* _EXERCISE PROMPT_:
Repeat the data that follows exactly, starting at the line with "Paperback Responsabilité du" and ending at the line with "机场推荐,让现代科技与传统相融合的未来 机场推荐,让现代科技与传统相融合的未来", and leave out every picture.

----

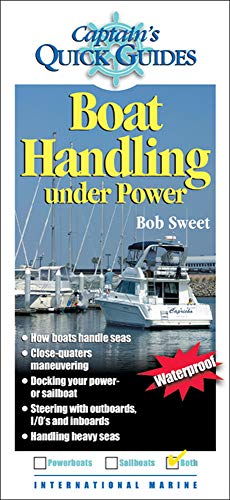 Beispielbild fr Boat Handling Under Power: A Captain's Quick Guide (Captain's Quick Guides) zum Verkauf von WorldofBooks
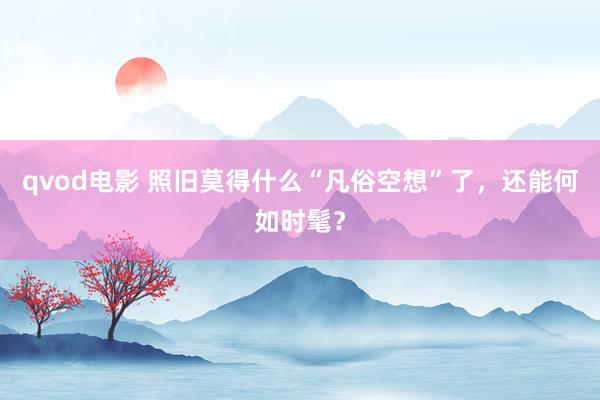 qvod电影 照旧莫得什么“凡俗空想”了，还能何如时髦？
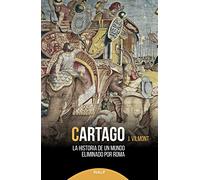 Cartago. La Historia De Un Mundo Eliminado Por Roma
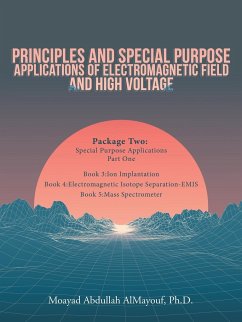 Principles and Special-Purpose Applications of Electromagnetic Field and High Voltage - Almayouf, Ph. D. Moayad Abdullah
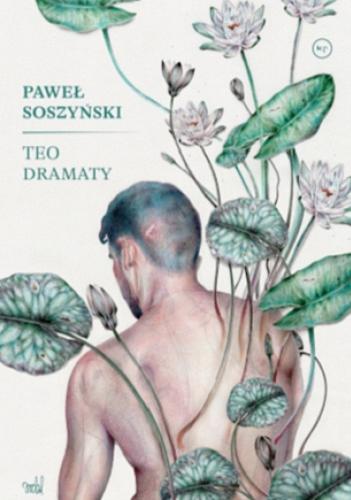 Okładka książki Teo : Dramaty / Paweł Soszyński.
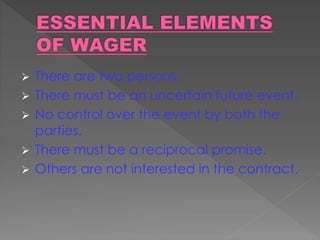  There are two persons.
 There must be an uncertain future event.
 No control over the event by both the
parties.
 There must be a reciprocal promise.
 Others are not interested in the contract.
 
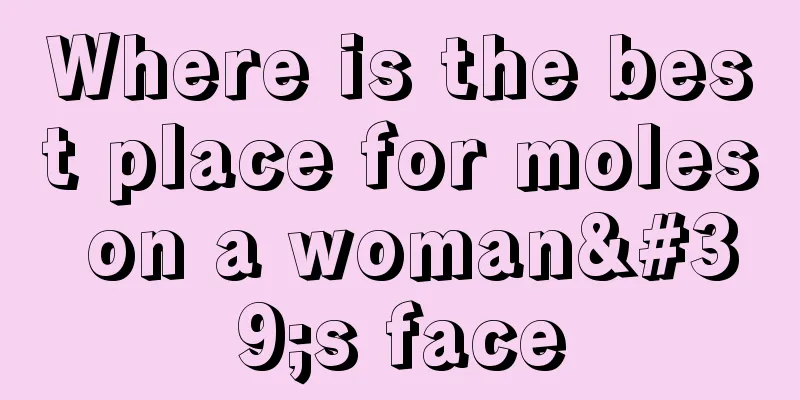 Where is the best place for moles on a woman's face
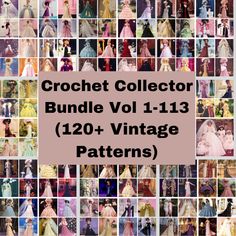 the crochet collector bundle vol 11 - 13 includes 120 vintage dresses and gowns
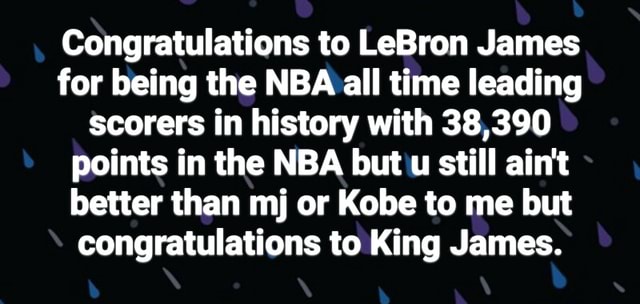 Congratulations To LeBron James For Being The NBA All Time Leading ...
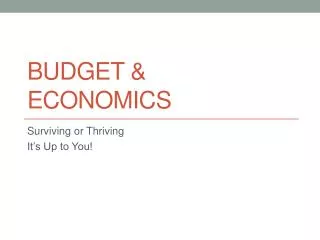 Budget &amp; Economics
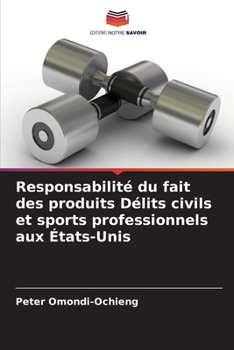 Paperback Responsabilité du fait des produits Délits civils et sports professionnels aux États-Unis [French] Book
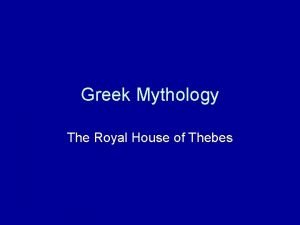 House of thebes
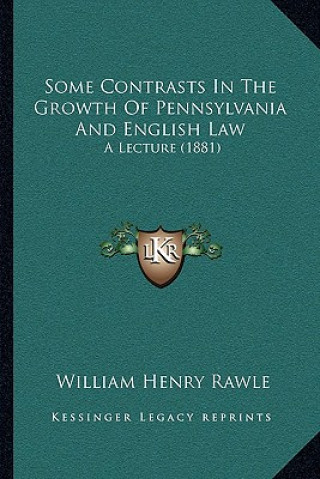 Kniha Some Contrasts in the Growth of Pennsylvania and English Law: A Lecture (1881) William Henry Rawle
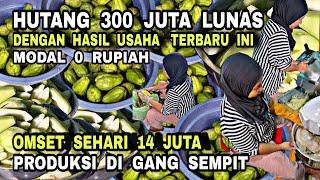 IDE USAHA MODAL 0 RUPIAH BIKIN HUTANG 300 JUTA LUNAS !! DIAJARI CARA BUATNYA MODEREN OMSET 14JT/HARI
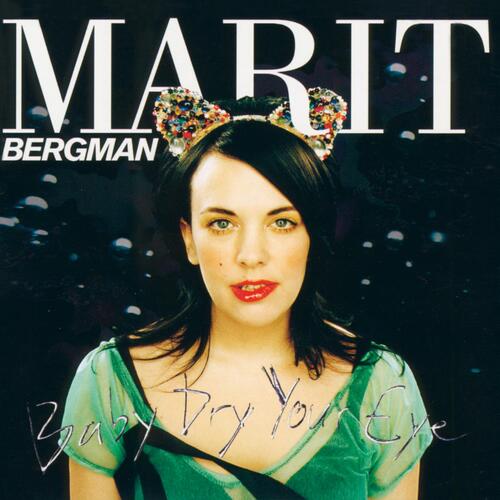 Marit Bergman Baby Dry Your Eye  - LTD (LP)
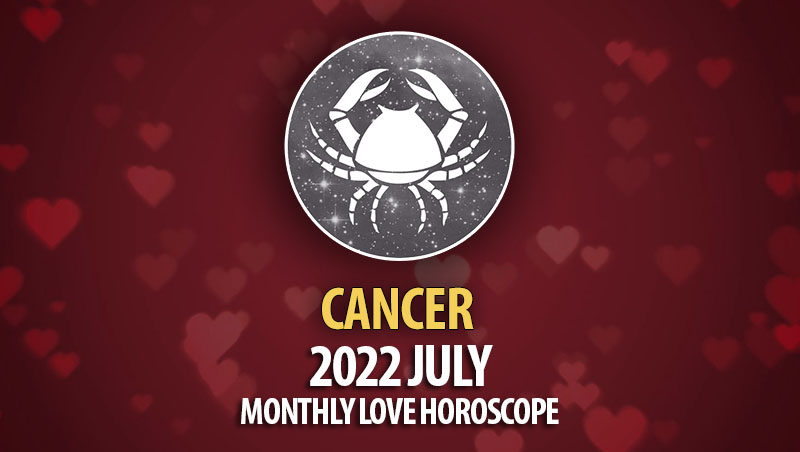 Cancer - 2022 July Monthly Love Horoscope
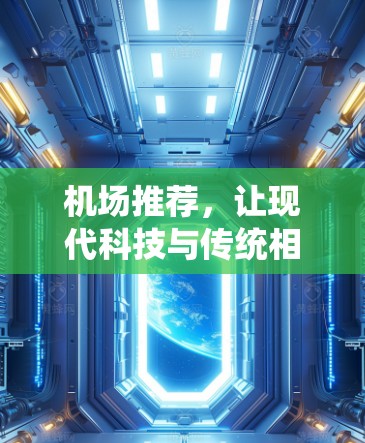 机场推荐,让现代科技与传统相融合的未来 机场推荐,让现代科技与传统相融合的未来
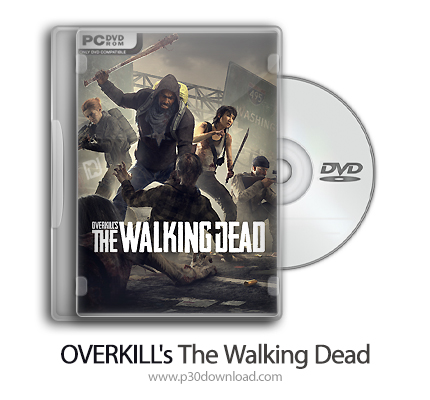 دانلود OVERKILL's The Walking Dead + Dead No Sanctuary + Update v2.0.1-CODEX - بازی مردگان متحرک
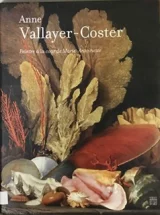 Anne Vallayer-Coster - Peintre à la cour de Marie-Antoinette. .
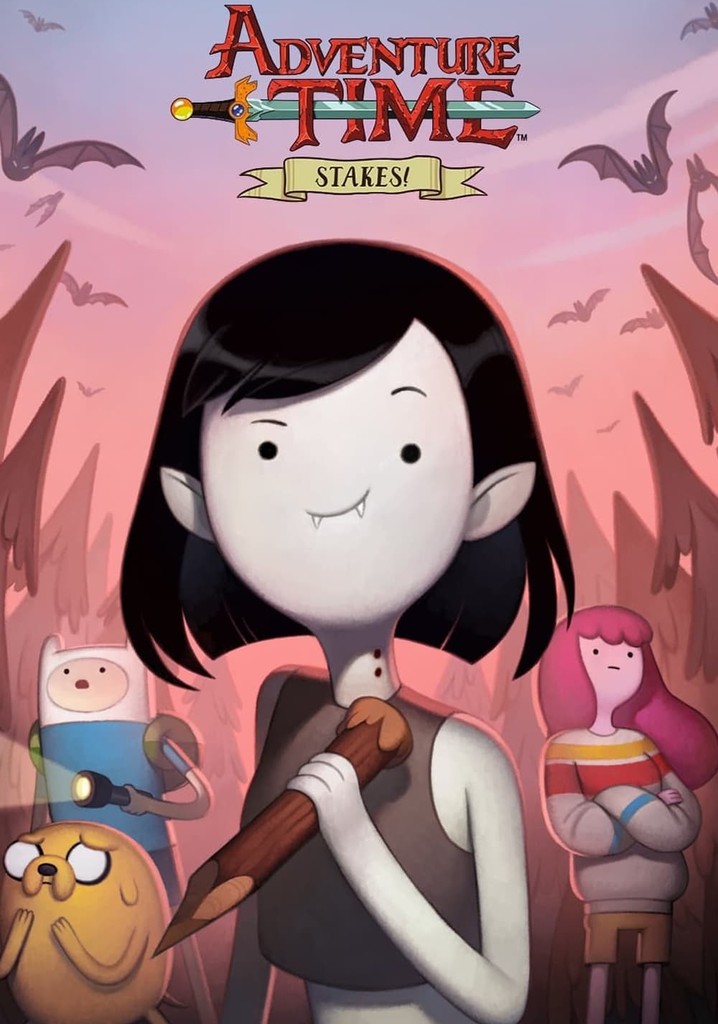 Adventure Time: Stakes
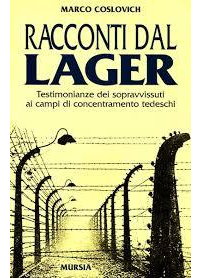 Racconti dal Lager - Marco Coslovich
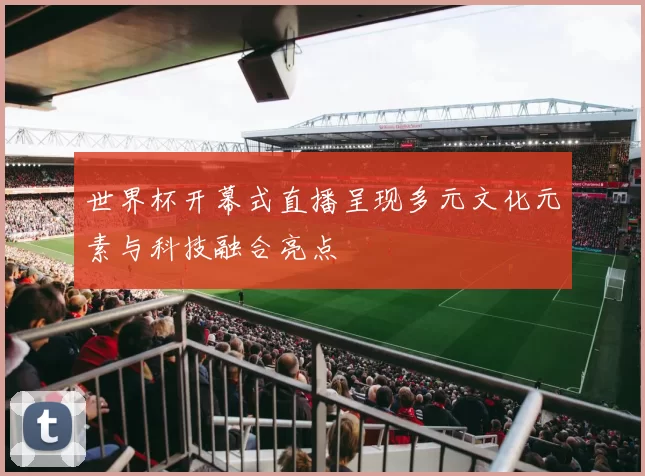 世界杯开幕式直播呈现多元文化元素与科技融合亮点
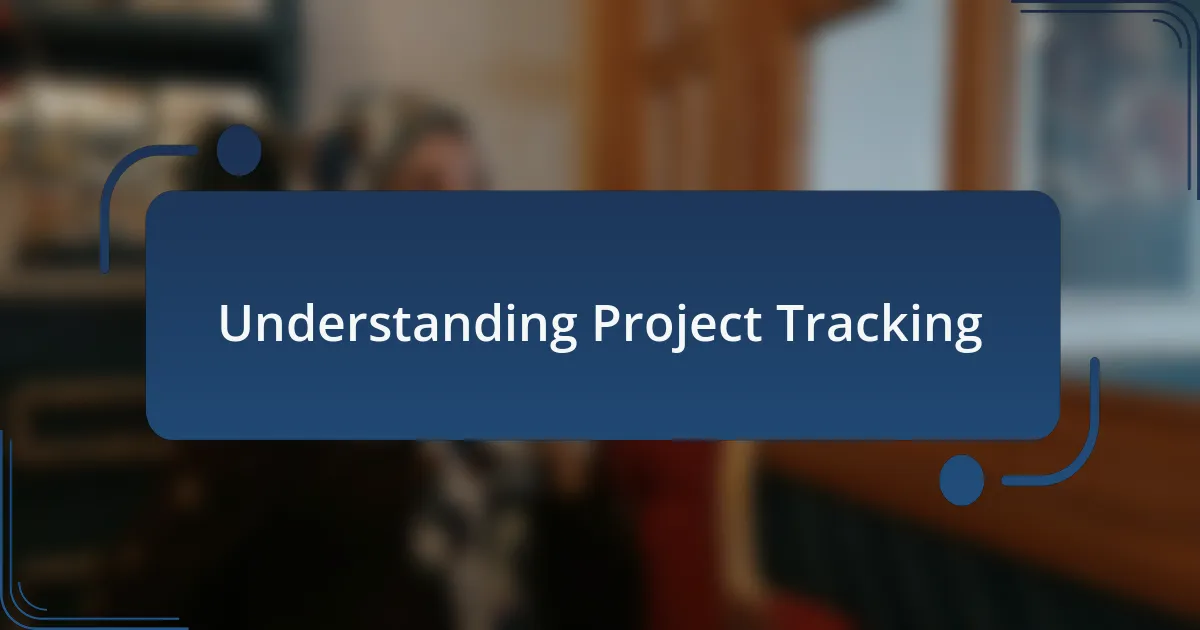 Understanding Project Tracking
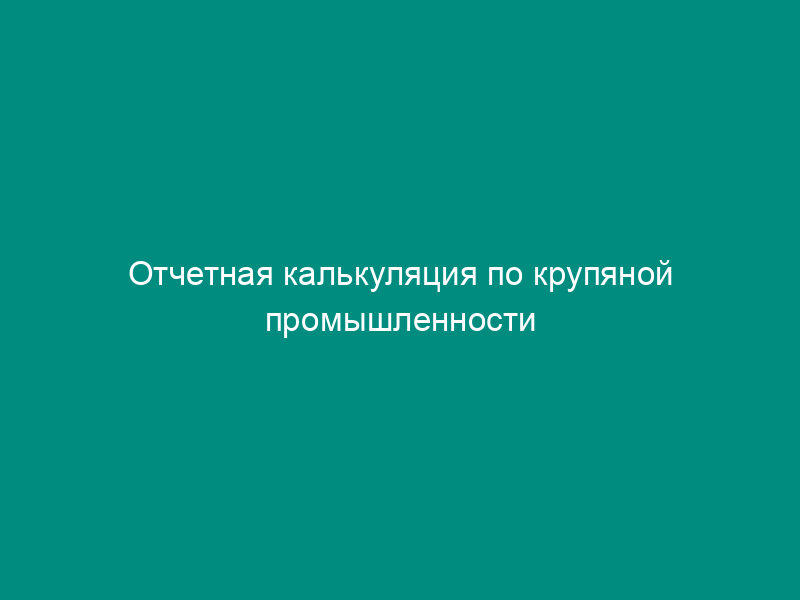 Отчетная калькуляция по крупяной промышленности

----

* _ANSWER TO THE PROBLEM_:
 Paperback Responsabilité du fait des produits Délits civils et sports professionnels aux États-Unis [French] Book
 House of thebes
 Kniha Some Contrasts in the Growth of Pennsylvania and English Law: A Lecture (1881) William Henry Rawle
 IDE USAHA MODAL 0 RUPIAH BIKIN HUTANG 300 JUTA LUNAS !! DIAJARI CARA BUATNYA MODEREN OMSET 14JT/HARI
 Marit Bergman Baby Dry Your Eye  - LTD (LP)
 Cancer - 2022 July Monthly Love Horoscope
 机场推荐,让现代科技与传统相融合的未来 机场推荐,让现代科技与传统相融合的未来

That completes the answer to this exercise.